(Excerpts from a dataset)
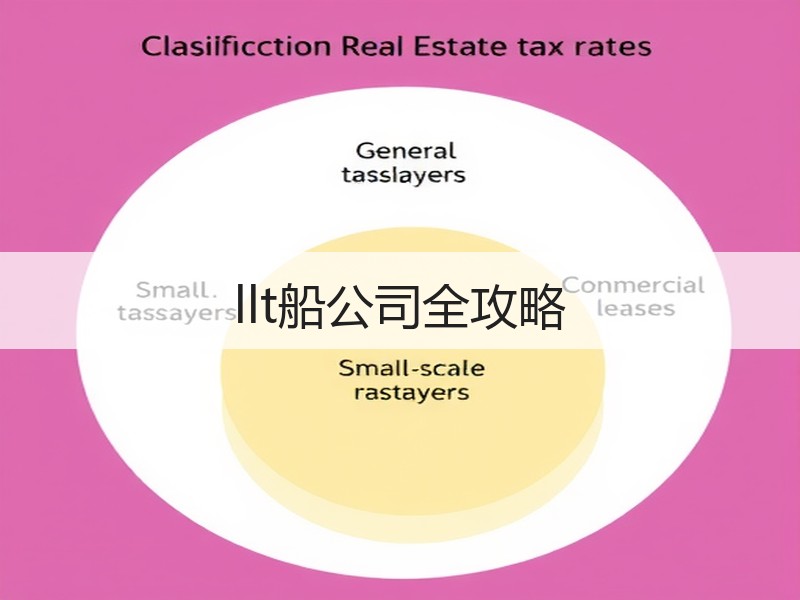 llt船公司全攻略 llt船公司全攻略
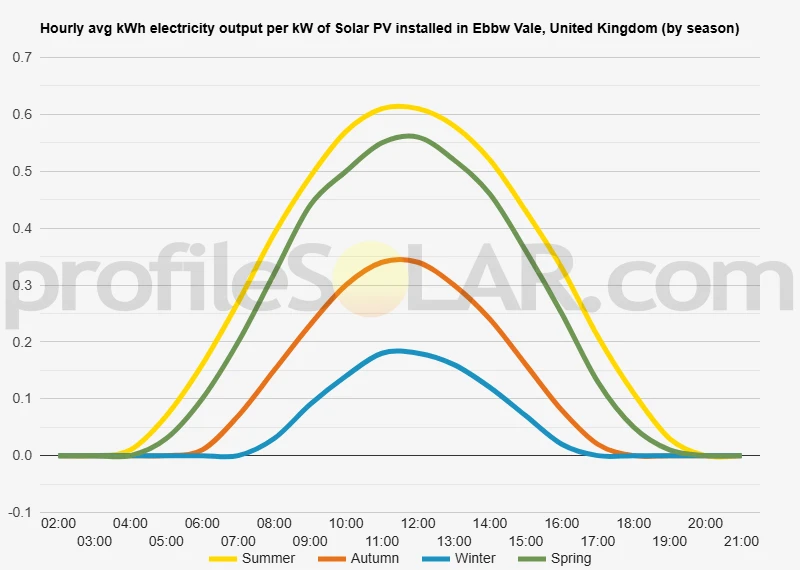 Graph of hourly avg kWh electricity output per kW of Solar PV installed in Ebbw Vale, United Kingdom (by season)
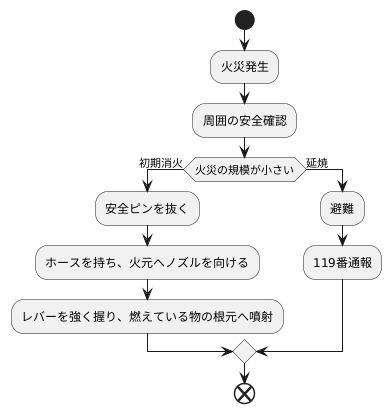 消火器の使い方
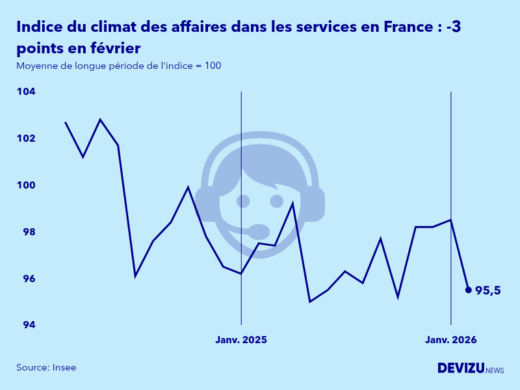 Evolution de l'indice synthétique du climat des affaires dans les services en France en février 2026
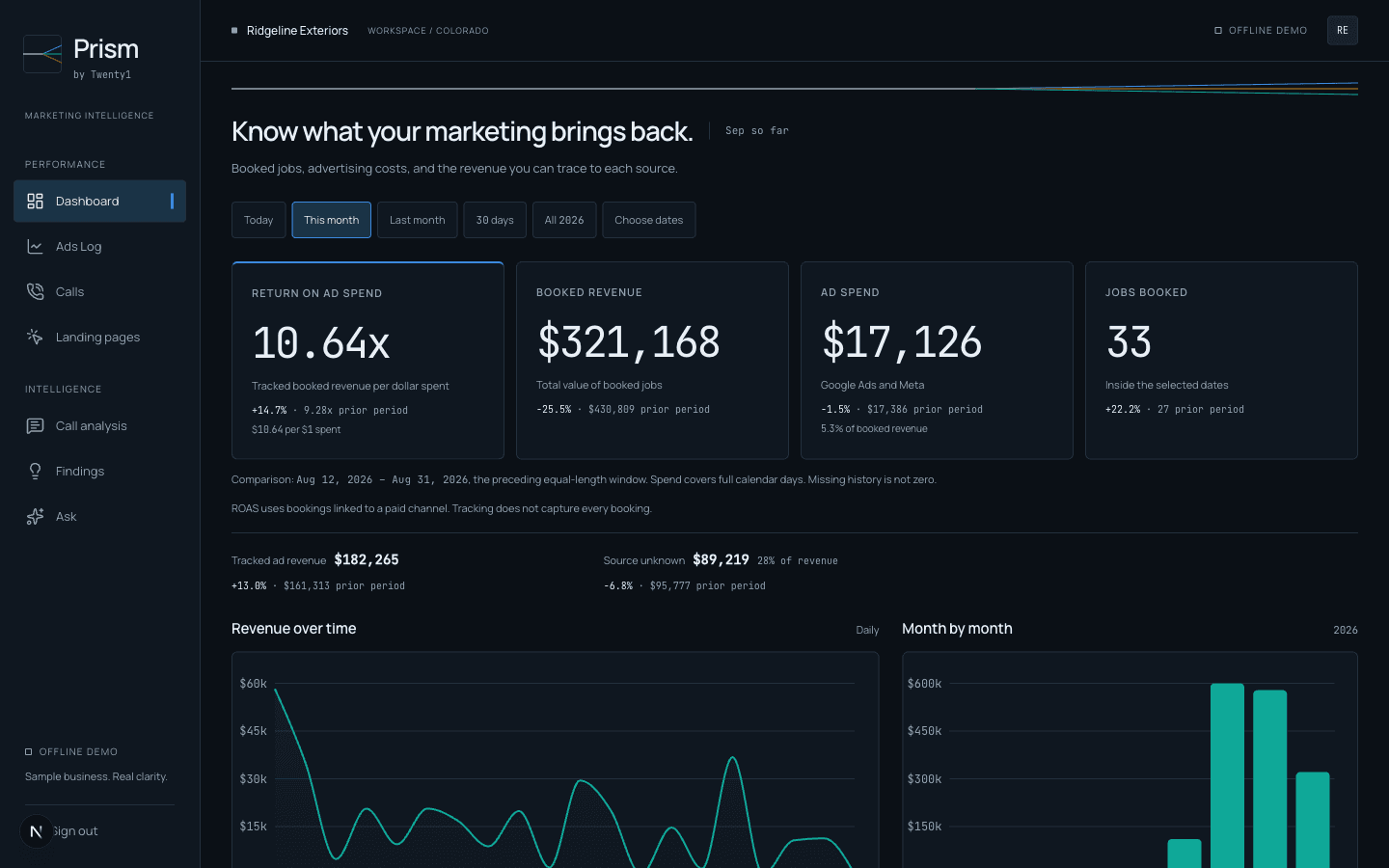 The Prism dashboard: return on ad spend, booked revenue, ad spend and jobs booked across the top, each with the previous period beside it, above a revenue chart and a breakdown of what each source brought back.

_ASSIGNMENT:_ Every entry above is to be repeated word for word, with all pictures omitted.

_OUTPUT FOR THIS TASK:_
 llt船公司全攻略 llt船公司全攻略
 Graph of hourly avg kWh electricity output per kW of Solar PV installed in Ebbw Vale, United Kingdom (by season)
 消火器の使い方
 Evolution de l'indice synthétique du climat des affaires dans les services en France en février 2026
 The Prism dashboard: return on ad spend, booked revenue, ad spend and jobs booked across the top, each with the previous period beside it, above a revenue chart and a breakdown of what each source brought back.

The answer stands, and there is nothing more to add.